RECORDS FOR THE EXERCISE
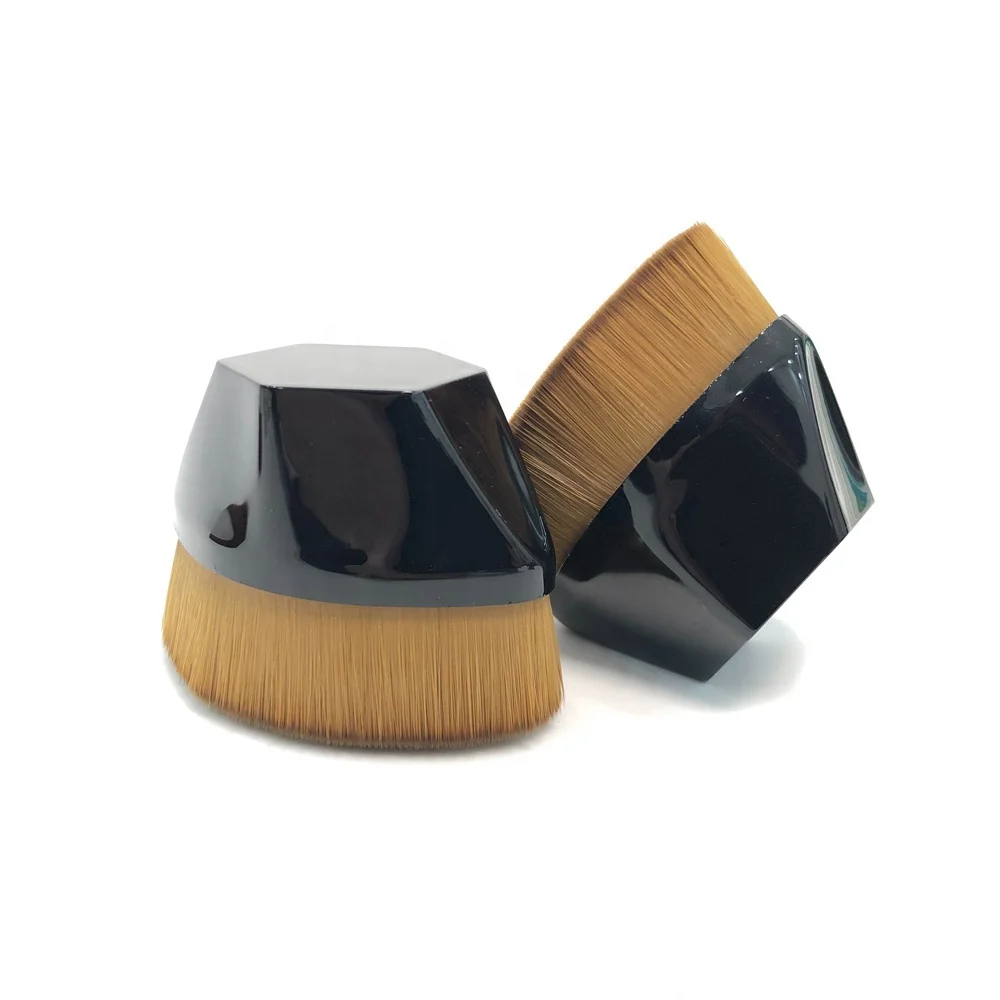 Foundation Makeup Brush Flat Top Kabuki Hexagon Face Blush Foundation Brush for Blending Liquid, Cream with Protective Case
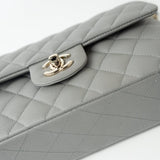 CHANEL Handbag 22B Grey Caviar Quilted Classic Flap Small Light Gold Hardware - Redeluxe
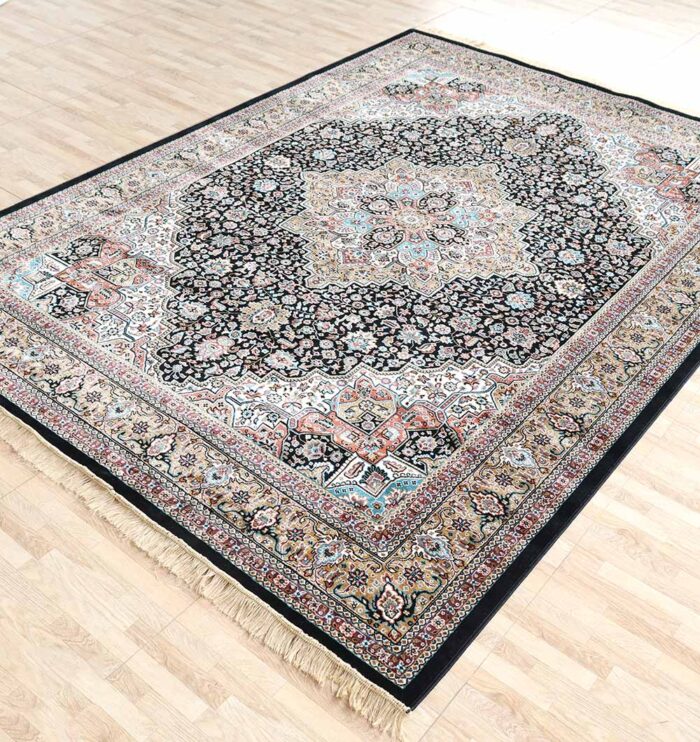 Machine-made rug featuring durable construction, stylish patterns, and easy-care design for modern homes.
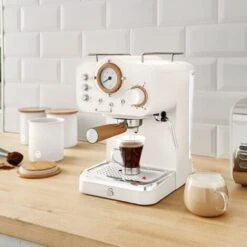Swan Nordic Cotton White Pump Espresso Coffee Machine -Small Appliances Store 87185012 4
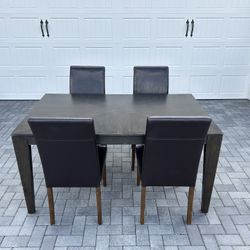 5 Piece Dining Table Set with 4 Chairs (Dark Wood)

EXERCISE GOAL
Only one part of the material above is wanted: the lines from the one with "CHANEL Handbag 22B" up to and including the one with "Swan Nordic Cotton". Please copy them exactly, pictures left out.

SOLUTION FOR THIS EXERCISE
 CHANEL Handbag 22B Grey Caviar Quilted Classic Flap Small Light Gold Hardware - Redeluxe
 Machine-made rug featuring durable construction, stylish patterns, and easy-care design for modern homes.
Swan Nordic Cotton White Pump Espresso Coffee Machine -Small Appliances Store 87185012 4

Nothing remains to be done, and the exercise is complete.